======== DATASET ENTRIES

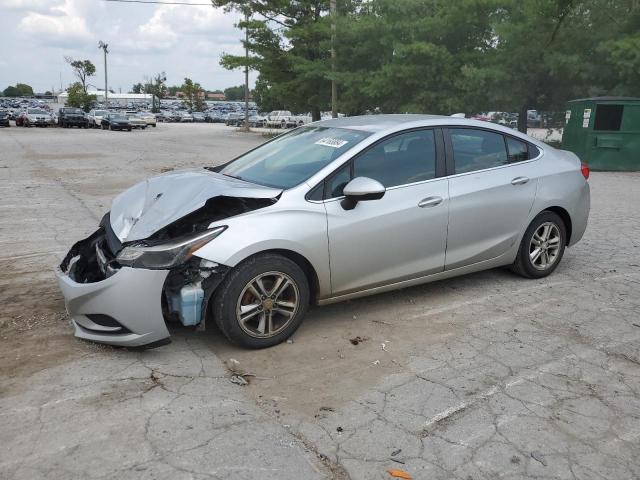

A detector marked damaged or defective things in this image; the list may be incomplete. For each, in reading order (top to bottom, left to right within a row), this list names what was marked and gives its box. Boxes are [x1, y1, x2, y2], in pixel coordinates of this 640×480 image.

detached bumper piece [56, 227, 171, 346]
damaged front end [57, 176, 280, 344]
broken headlight [117, 226, 228, 270]
crumpled hood [111, 170, 282, 244]
cracked concrete pavement [1, 124, 640, 480]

================

- PROBLEM STATEMENT -
Write out everything in the data word for word. Omit each picture.

- THE ANSWER -
A detector marked damaged or defective things in this image; the list may be incomplete. For each, in reading order (top to bottom, left to right within a row), this list names what was marked and gives its box. Boxes are [x1, y1, x2, y2], in pixel coordinates of this 640×480 image.

detached bumper piece [56, 227, 171, 346]
damaged front end [57, 176, 280, 344]
broken headlight [117, 226, 228, 270]
crumpled hood [111, 170, 282, 244]
cracked concrete pavement [1, 124, 640, 480]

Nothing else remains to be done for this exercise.